──────── Recorded data ────────

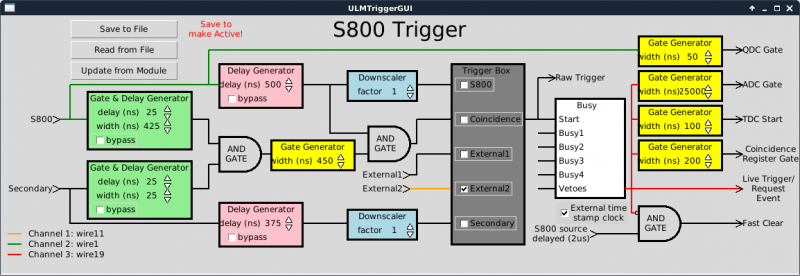 right|Trigger GUI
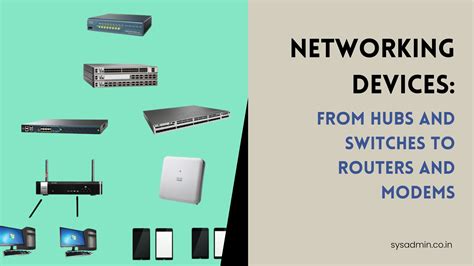 Image result for Network Devices Types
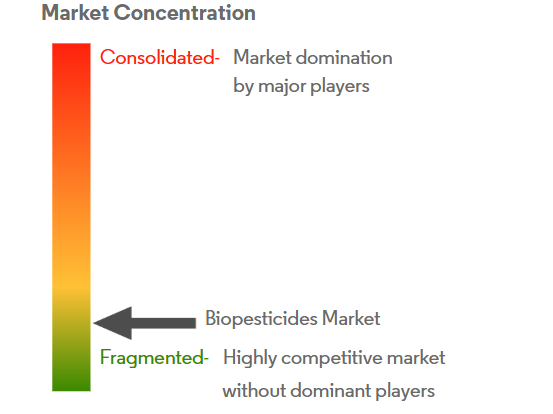 Biopesticides Market Concentration Biopesticides Market Concentration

────────

## Exercise description
Word for word, give the listing above again, but drop any pictures.

## Output for this task
 right|Trigger GUI
 Image result for Network Devices Types
 Biopesticides Market Concentration Biopesticides Market Concentration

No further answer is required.